Imagine então, a hipótese do mesmo discípulo, na condição de cegueira e sem poder tocar em Jesus, já que Ele não havia ascendido ao Pai.

A cegueira, a deficiência visual (DV) ou a pessoa com necessidade especial (PNE), possuem outros mecanismos perceptuais que imediatamente nos fornecem uma gama enorme de identificação e captura de informações. As informações avaliadas pela percepção sensorial/visual podem ser pela cor, forma, textura, pressão, tamanho, peso, temperatura, etc. O importante desta análise é pontuar que, com exceção da cor, todos os outros exemplos acima citados poderão facilmente ser identificados, percebidos e julgados através do tato ativo ou dentro do meio cientifico, pelo sistema háptico. Essa observação pode ser realizada por um cego com julgamentos e respostas confiáveis, pois o homem geralmente é capacitado a fornecer respostas e julgamentos com significativa confiabilidade.

Quando vamos ao supermercado realizar nossas compras e nos dirigimos ao setor de carnes, solicitamos ao funcionário (açougueiro) 1 Kg de uma determinada carne. Ficamos impressionados, e isso vocês já devem ter notado, quando o funcionário corta a porção dos bifes na quantidade quase exata para colocar sobre a balança. Podemos então realizar duas avaliações. As variações quanto ao corte, densidade e volume poderiam atuar negativamente no julgamento de peso, no entanto, quando este profissional tem os cortes em suas mãos, já está realizando o julgamento segundo a sua percepção de peso, e assim avaliando em média a sua precisão.

Devemos compreender que o homem não é um equipamento de precisão em julgamentos, no entanto há uma variável sempre presente determinada pelo estímulo (objeto) e pelo tipo de sensor que será empregado na percepção.
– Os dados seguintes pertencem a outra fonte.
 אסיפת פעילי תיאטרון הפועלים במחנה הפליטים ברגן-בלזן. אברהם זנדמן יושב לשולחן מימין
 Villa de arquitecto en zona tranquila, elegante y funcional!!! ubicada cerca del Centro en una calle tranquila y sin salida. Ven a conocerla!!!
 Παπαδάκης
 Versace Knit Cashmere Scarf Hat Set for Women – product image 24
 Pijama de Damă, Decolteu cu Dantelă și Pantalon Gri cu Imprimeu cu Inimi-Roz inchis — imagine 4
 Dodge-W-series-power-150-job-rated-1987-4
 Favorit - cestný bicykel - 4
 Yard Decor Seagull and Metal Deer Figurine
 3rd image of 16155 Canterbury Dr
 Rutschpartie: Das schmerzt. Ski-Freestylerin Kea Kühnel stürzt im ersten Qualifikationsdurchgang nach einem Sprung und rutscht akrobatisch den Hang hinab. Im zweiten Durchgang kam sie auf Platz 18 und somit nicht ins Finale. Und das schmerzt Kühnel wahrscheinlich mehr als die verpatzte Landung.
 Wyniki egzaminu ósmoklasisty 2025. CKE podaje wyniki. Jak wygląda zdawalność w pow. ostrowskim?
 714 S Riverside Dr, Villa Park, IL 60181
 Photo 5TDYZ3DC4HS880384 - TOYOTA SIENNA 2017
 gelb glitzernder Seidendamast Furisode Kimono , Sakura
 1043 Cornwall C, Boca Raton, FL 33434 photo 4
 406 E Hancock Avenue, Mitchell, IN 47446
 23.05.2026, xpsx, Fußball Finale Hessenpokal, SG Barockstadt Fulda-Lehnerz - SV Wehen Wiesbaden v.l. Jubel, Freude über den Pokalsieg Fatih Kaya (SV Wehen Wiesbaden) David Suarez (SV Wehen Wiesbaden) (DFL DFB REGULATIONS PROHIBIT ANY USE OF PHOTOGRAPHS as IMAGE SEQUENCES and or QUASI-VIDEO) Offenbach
Com esse entendimento, torna-se mais compreensível a necessidade para o deficiente visual do tato que consegue capturar as informações das quais a visão não dá conta. Bem como outras modalidades sensoriais; a audição e o olfato.

Mantenhamos aqui a situação de um supermercado. Quando se depararem com um deficiente visual, perceberão dentre várias coisas, a sua busca permanente por informações, como a localização através de ruídos e odores. O barulho das máquinas registradoras, por exemplo, aponta para a saída do estabelecimento, já os odores do ambiente se  referem a setores como de frutas e verduras, corredores de limpeza e higiene, de panificação etc.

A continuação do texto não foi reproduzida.